Mice were maintained and treated according to the institutional guidelines of Ben-Gurion University of the Negev. Mice were housed in air-filtered laminar flow cabinets with a 12 hours light/dark cycle and food and water ad libitum. Animal experiments were approved by the Institutional Animal Care and Use Committee (IL.80-12-2015).
Drugs
BYL719 was kindly provided by Novartis. For in vitro experiments BYL719 was dissolved in DMSO and for in vivo administration in 0.5% carboxymethylcellulose. SP600125 was purchased from Fluorochem (Cat. M02529). For in vitro assays, SP600125 was dissolved in DMSO and for in vivo administration in corn oil with 4% DMSO.
Statistical analysis
Experiments were repeated at least 2-3 times, and representative data/images are shown. Statistical analysis was performed using GraphPad Prism software, and results are presented as means ± SEM. For comparisons between groups, P values were calculated.
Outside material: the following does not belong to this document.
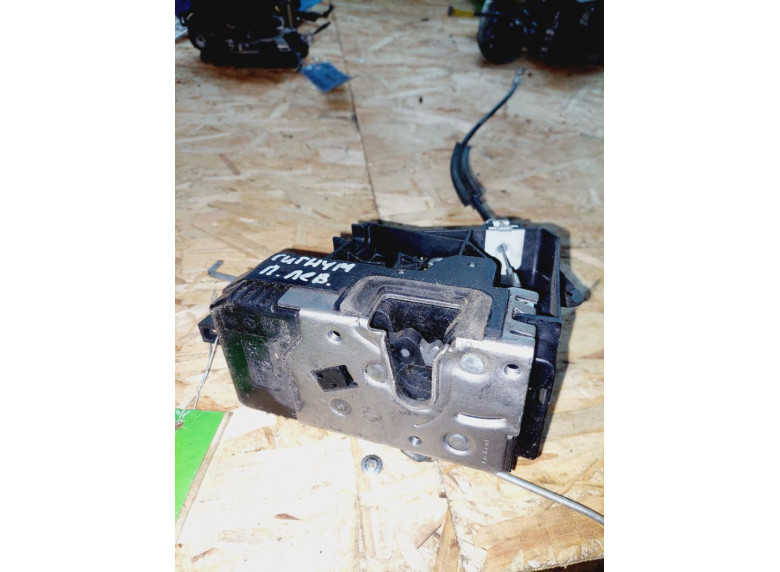 Замок двери передней левой к Opel Signum, 2004г.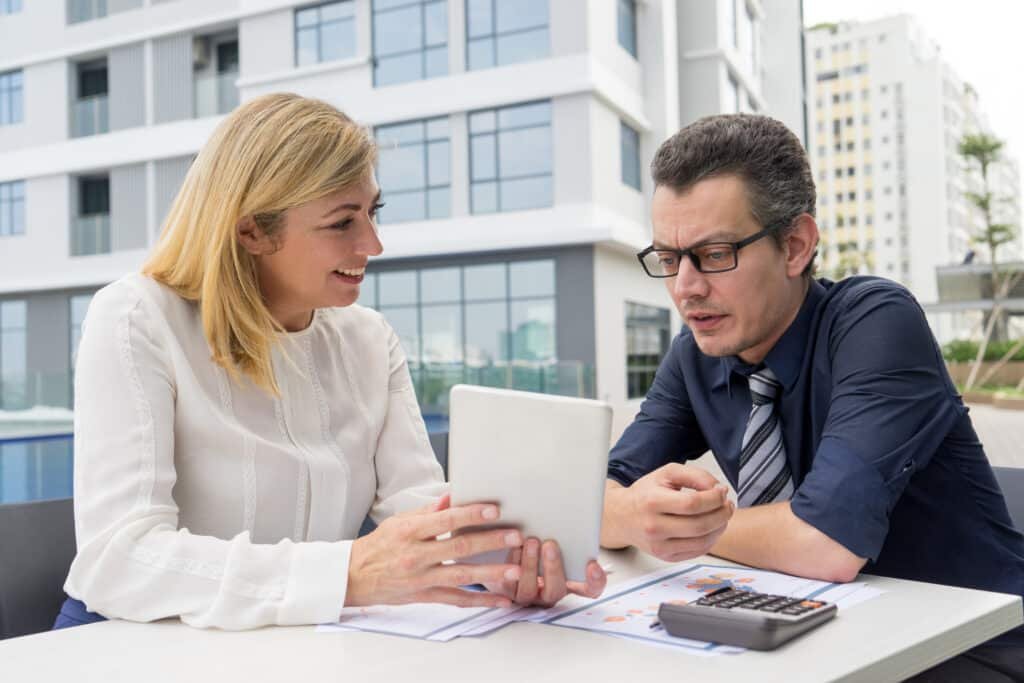 How Quantity Surveyor Consultants Help You Stay on Budget and on Schedule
For the different experiments, P values of 0.05, 0.01, or 0.001 were considered statistically significant, as indicated by (*), (**), or (***) on the Figures.
Author contributions
M.B, M.P, L.C and M.E designed research studies. M.B, M.P, N.B and L.C conducted the experiments and analyzed the data. J.B, A.B.D. and R.G. provided clinical samples and cell lines. M.E., L.C. and M.B. wrote the manuscript.
Acknowledgments
This work was funded by an Israel Science Foundation (ISF, 700/16) grant to M.E., an INCPM (1901/17) grant to ME, and a Concern Foundation (#7895) grant to M.E. M.E is supported by an Alon Fellowship for outstanding young researchers. M.B is supported by the national-VATA-fellowship for excellent Ph.D students.
Footnotes
Conflict of Interest: The authors declare no conflict of interest.